Tutte le possibili morti dell'Imperatore. Che non è mai morto davvero...
La fine di Napoleone è un classico del dibattito storico. E anche in questo caso, sempre più gli storici devono fare i conti con la concorrenza di medici e scienziati...
Benvenuti a “È la Storia Bellezza”, la newsletter settimanale che osserva (rigorosamente senza l’aiuto dell’Intelligenza Artificiale) il rapporto tra attualità e Storia, offrendo notizie e riflessioni prese dalla stampa di tutto il mondo. Da questa settimana, al posto di “Storia & Notizie” ogni sabato mattina riceverete (se volete) questa nuova newsletter che offrirà uno o più approfondimenti per lo più ispirati dalla stampa internazionale. A seguire anche qualche notizia in breve. Ma forse, in futuro, un’uscita al mese potrà essere costituita tutta da notizie e segnalazioni di libri di storia italiani e stranieri. I vostri commenti saranno importantissimi così come il vostro aiuto a far conoscere ad amici ed appassionati di Storia questa newsletter che cerca di essere diversa da tutte le altre. In basso trovate i bottoni da cliccare per fare l’una o l’altra cosa. O tutte e due… “È la Storia Bellezza” è la prima tappa di un progetto più ampio che ho esposto in un articolo sul sito “Storia In Rete” e che man mano comunicherò anche attraverso la newsletter settimanale.

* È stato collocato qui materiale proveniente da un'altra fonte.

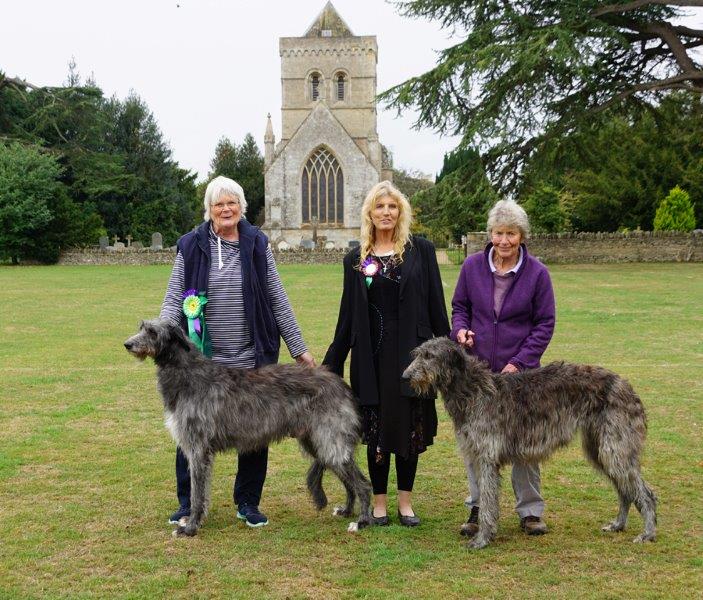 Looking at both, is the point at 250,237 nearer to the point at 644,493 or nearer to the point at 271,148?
the point at 644,493

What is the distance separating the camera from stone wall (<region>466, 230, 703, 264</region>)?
119 feet

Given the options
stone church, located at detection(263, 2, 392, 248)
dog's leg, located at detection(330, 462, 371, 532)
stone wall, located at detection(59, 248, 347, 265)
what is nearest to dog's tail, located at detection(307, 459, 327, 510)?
dog's leg, located at detection(330, 462, 371, 532)

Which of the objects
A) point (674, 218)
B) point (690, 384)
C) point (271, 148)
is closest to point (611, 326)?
point (690, 384)

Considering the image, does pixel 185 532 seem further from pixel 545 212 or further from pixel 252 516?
pixel 545 212

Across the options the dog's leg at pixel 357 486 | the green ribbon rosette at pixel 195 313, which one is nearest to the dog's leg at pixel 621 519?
the dog's leg at pixel 357 486

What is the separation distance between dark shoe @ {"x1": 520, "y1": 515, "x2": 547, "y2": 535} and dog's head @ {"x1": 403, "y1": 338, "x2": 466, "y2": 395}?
3.84ft

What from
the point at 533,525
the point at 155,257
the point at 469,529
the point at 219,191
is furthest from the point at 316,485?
the point at 155,257

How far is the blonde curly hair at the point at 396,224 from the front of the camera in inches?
209

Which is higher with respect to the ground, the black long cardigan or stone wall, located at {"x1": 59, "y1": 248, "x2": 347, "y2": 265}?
the black long cardigan

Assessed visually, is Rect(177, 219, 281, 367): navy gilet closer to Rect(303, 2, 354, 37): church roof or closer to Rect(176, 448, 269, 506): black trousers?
Rect(176, 448, 269, 506): black trousers

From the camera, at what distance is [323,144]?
55250 mm

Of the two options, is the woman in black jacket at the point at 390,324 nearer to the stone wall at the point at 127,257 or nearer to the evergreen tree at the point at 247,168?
the stone wall at the point at 127,257

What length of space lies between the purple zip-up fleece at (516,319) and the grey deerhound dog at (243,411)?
3.27 feet

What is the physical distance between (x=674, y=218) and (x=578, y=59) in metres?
14.6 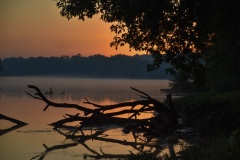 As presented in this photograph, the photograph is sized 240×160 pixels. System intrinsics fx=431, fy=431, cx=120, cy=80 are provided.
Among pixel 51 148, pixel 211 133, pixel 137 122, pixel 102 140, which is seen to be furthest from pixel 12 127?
pixel 211 133

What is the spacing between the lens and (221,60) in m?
50.3

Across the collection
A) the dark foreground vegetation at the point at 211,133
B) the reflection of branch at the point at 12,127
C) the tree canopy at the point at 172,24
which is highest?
the tree canopy at the point at 172,24

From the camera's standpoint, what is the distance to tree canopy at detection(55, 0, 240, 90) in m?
21.0

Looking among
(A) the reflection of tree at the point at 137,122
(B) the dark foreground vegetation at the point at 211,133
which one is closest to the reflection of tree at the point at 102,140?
(A) the reflection of tree at the point at 137,122

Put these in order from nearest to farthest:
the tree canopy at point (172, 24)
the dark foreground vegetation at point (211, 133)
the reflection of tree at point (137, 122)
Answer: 1. the dark foreground vegetation at point (211, 133)
2. the tree canopy at point (172, 24)
3. the reflection of tree at point (137, 122)

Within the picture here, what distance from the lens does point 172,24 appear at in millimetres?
23219

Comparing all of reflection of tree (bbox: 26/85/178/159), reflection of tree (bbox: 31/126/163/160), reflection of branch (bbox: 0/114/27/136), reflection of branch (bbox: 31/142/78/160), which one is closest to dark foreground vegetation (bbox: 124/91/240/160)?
reflection of tree (bbox: 26/85/178/159)

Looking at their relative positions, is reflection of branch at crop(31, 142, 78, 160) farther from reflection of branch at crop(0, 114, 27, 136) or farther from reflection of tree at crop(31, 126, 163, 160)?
reflection of branch at crop(0, 114, 27, 136)

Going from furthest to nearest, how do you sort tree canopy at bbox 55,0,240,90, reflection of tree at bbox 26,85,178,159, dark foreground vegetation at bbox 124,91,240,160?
1. reflection of tree at bbox 26,85,178,159
2. tree canopy at bbox 55,0,240,90
3. dark foreground vegetation at bbox 124,91,240,160

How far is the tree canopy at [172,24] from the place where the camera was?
20953 millimetres

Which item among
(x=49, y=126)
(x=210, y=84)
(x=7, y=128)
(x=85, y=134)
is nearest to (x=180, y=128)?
(x=85, y=134)

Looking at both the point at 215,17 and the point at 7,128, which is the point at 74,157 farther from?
the point at 7,128

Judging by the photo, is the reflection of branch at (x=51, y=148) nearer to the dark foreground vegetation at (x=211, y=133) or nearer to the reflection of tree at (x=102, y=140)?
the reflection of tree at (x=102, y=140)

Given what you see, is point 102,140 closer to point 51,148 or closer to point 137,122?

Questa settimana vi propongo un articolo sulle ultime “novità” sulla morte di Napoleone (incluso qualche retroscena che spiega il riemergere periodico di certe analisi) e a seguire una curiosa riflessione sulle complicazioni storiche che potrebbero sorgere qualora si mettesse veramente mano al progetto di dar vita ad un “esercito europeo”. Buona lettura e a sabato prossimo.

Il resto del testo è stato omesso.